Heinz Theissing will eine Rentner-Partei gründen
GREVEN Das Haus liegt einmalig mitten in der Herberner Landschaft. Ein perfekter Altersruhesitz. Nur macht der Bewohner Heinz Theissing (65) gar keine ernsthaften Anstalten, sich zur Ruhe zu setzen.
Rentner Heinz Theissing blickt in die Zukunft und will mitgestalten. Deshalb arbeitet er an der Gründung des Bezirksverbands Münster der RRP. Riese
Die RRP ist nicht das erste ehrenamtliche Projekt von Heinz Theissing. Bekannt geworden ist er bereits mit seinem Engagement für Bau und Betrieb von Schulen in Kenia. Aus Afrika will er sich nun allmählich zurückziehen und bei der RRP einbringen.
Mehr Gerechtigkeit
„Renten sind ein Thema, das jeden betrifft. Nicht nur die Rentner, genauso auch die Jüngeren, denn die geben schließlich jeden Monat einen beträchtlichen teil von ihrem Lohn an die Rentenkasse ab“ – Heinz Theissing hofft darauf, dass er nicht nur Rentenbezieher, sondern auch Beitragszahler ansprechen kann. Es schimmert durch jeden seiner Sätze: Er wünscht sich mehr Gerechtigkeit.
Politik der kleinen Schritte
Dass bei diesem Streben Klappern zum politischen Geschäft gehört, hat er schnell begriffen. Seit 2004 haben die Renten 15 Prozent an Kaufkraft verloren, erklärt er ganz ruhig. Etwas lauter schimpft er über Diätenerhöhungen, die „basisfremde“ Politiker für sich selbst regeln.
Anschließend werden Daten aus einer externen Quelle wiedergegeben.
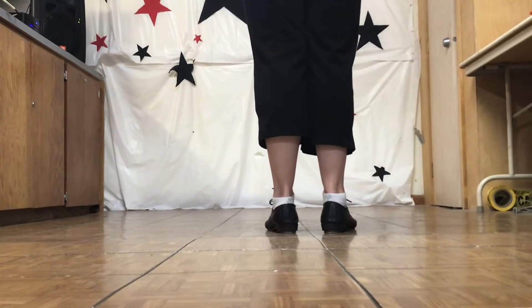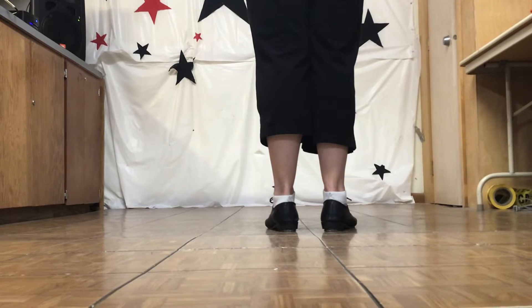Slur Plus with Brush. It's an eight count move, called Slur Plus Brush.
Die „Fremdrenten“ beklagt er, also die Zahlungen der Rentenkasse, denen keine persönlichen Einzahlungen des Empfängers gegenüber stehen. Rentenerhöhungen möchte er mit Festbeträgen gestalten, die den kleinen Leuten anteilig mehr bringen als den Beziehern hoher Renten – das ist seine persönliche Meinung, betont er. Aber gerechter wäre es, schiebt er nach.
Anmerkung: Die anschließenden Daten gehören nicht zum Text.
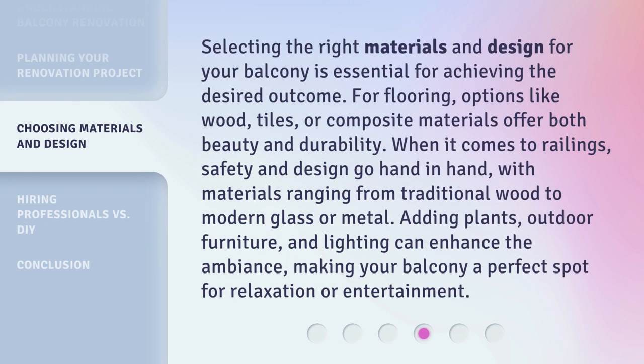Selecting the right materials and design for your balcony is essential for achieving the desired outcome. For flooring, options like wood, tiles, or composite materials offer both beauty and durability. When it comes to railings, safety and design go hand in hand, with materials ranging from traditional wood to modern glass or metal. Adding plants, outdoor furniture, and lighting can enhance the ambiance, making your balcony a perfect spot for relaxation or entertainment.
Die Bildungspolitik hat er auf dem Schirm, damit Deutschland nicht die Fachkräfte als Fundament auch der Rente ausgehen Und, das sagt Heinz Theissing zwei Mal: „Ich möchte nicht, dass die Enttäuschten zur Linkspartei wandern.“ Auch wenn er mit der RRP auf eine „Politik der kleinen Schritte“ setzt, Wunder nicht versprechen will und kann.
Kleine Schritte
Kleine Schritte, so wie er Jahr für Jahr seiner eigenen Rente näher kam. 40 Beitragsjahre hat der gebürtige Grevener auf der Karte, zuerst als Angestellter, später als Selbstständiger mit gesetzlicher Versicherung. In der Baubranche war er Unternehmer, dann vier Jahre krank, dann Taxiunternehmer in Münster, bis er mit 60 Jahren dank des Schwerbehinderten-Ausweises in Rente ging. Zwei Kinder und vier Enkel hat er heute. Ende der 70er Jahre saß er kurz für die SPD im Grevener Stadtrat.
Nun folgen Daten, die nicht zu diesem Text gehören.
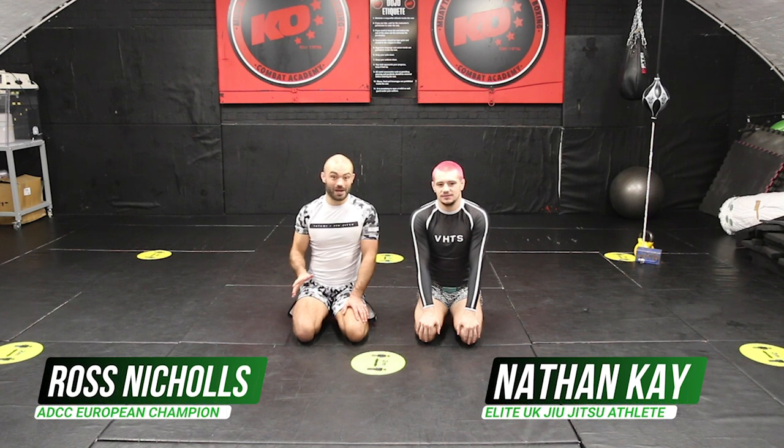Hi, I'm Ross Nichols. I'm the ADCC European Champion. I'm going to show you some passes from the headquarters position leading into front headlock.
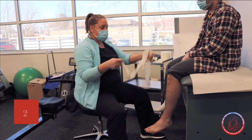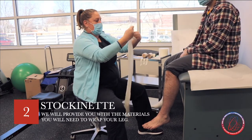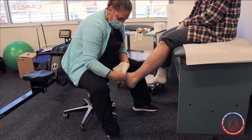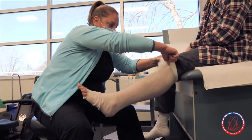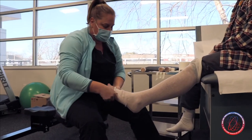The first layer of the compression bandaging is your stockinette layer, which I will provide for you. Just like its name, it looks like a big stocking that pulls up to just above the knee and comes down to the toes.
Auf die RRP kam er durch Medienberichte über die Gründung des NRW-Landesverbands und suchte Kontakt. „Ich hatte mir schon seit Jahren gedacht: Da müsste man doch eine Partei gründen“, sagt er über seine Motive. Jetzt rührt er die Werbetrommel, sucht Gleichgesinnte, will öffentliche Veranstaltungen organisieren, die Gründung des Bezirksverbands Münster voran bringen. 20 Millionen Rentner – „ich denke, bei der Bundestagswahl können wir die Fünf-Prozent-Hürde überwinden“, sagt er. Mit den Alten und den Jungen. Denn für ihn ist klar: Beim Thema Rente sitzen alle in einem Boot.